“Ermione” è una “tragédie lyrique” che non ebbe affatto fortuna quando Rossini era vuvi (una sola recita al San Carlo) e poca ne ha avuta nella Rossini Renaissance (una ventina di riprese tra versione sceniche e versioni di concerto – di cui cinque in Italia) è stata, la sera del 10 agosto, l’opera di apertura del ROF 2008. Lo spettacolo è co-prodotto dal Teatro Petruzzelli di Bari dove si vedrà ed ascolterà il prossimo autunno.
Aspetto importante: per la prima volta lavorano insieme Daniele Abbado (regia) e Roberto Abbado (direzione musicale) .
In questa nota, tratto unicamente degli aspetti drammaturgici, perché commento altrove quelli musicali (di livello molto buono). Per Daniele Abbado, molto apprezzato per le versioni semi-sceniche presentate con l’Accademia di Santa Cecilia ed un po’ meno per la trilogia mozartiana del 2006 e per il recente Falstaff cagliaritano, questa “Ermione” è una grande occasione mancata. Può, però, essere recuperata (in parte) prima che arrivi a Bari (ed altrove). Tratta dalla tragedia “Andromacque” di Racine è una vicenda, intrisa di sangue, di amori contrastati, nel periodo successivo alla guerra di Troia, con una conclusione degna da grand guignol. L’inizio è una interessante sinfonia con coro (dei troiani in cattività) che la regia coglie molto bene. Facendo sperare in una buona prosecuzione dello spettacolo.
La vicenda non è in una Grecia mitica (come nell’allestimento di De Simone , Pesaro 1987, San Carlo 1988) od in quello di De Hana (Madrid, 1988, Roma 1991). Viene attualizzato. I lettori sanno che le attualizzazioni spesso mi piacciano. Sempre che siano coerenti e rispettino lo spirito del libretto e della partitura. In mondo che, nonostante la delineata “fine della storia”, è insanguino di guerre, Abbado poteva solo scegliere l’ambientazione: i Balcani, il Caucaso, il Medio Oriente od anche – perché no? – i “grandi laghi” africani. Una volta scelto il quadro, la vicenda avrebbe potuto avere coerenza e rigore.

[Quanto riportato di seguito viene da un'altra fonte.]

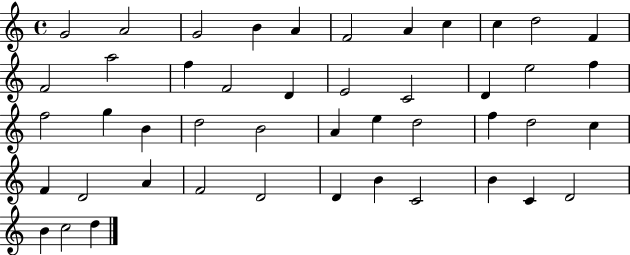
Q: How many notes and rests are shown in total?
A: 46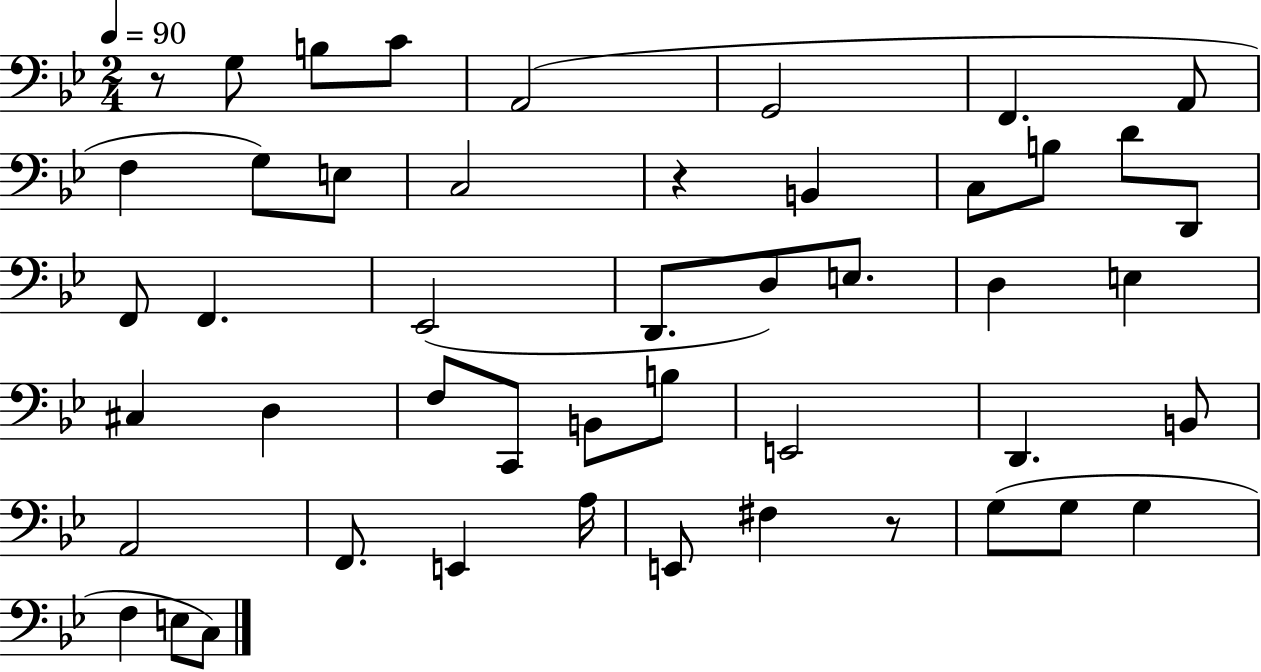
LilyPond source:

{
  \clef bass
  \numericTimeSignature
  \time 2/4
  \key bes \major
  \tempo 4 = 90
  r8 g8 b8 c'8 | a,2( | g,2 | f,4. a,8 | \break f4 g8) e8 | c2 | r4 b,4 | c8 b8 d'8 d,8 | \break f,8 f,4. | ees,2( | d,8. d8) e8. | d4 e4 | \break cis4 d4 | f8 c,8 b,8 b8 | e,2 | d,4. b,8 | \break a,2 | f,8. e,4 a16 | e,8 fis4 r8 | g8( g8 g4 | \break f4 e8 c8) | \bar "|."
}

Siamo, al contrario, in pura astrazione dove c’è un pizzico di Balcani, un po’ di generali presumibilmente sud-americani, un corteo di nozze nazista (letto da un pittore amante del grottesco). Curiosamente, tra gli improbabili costumi, spiccano immacolate tuniche della Grecia antica del coro femminile. I cantanti sono abbastanza lasciati alle loro intuizioni in materia di recitazione (fortunatamente hanno esperienza e se la cavano bene). Tuttavia, si resta perplessi : lo spettacolo è privo di ritmo. E resta un’occasione non raccolta.
Grazie al Cielo, gli aspetti musicali riscattano da una regia che lascia molto a desiderare.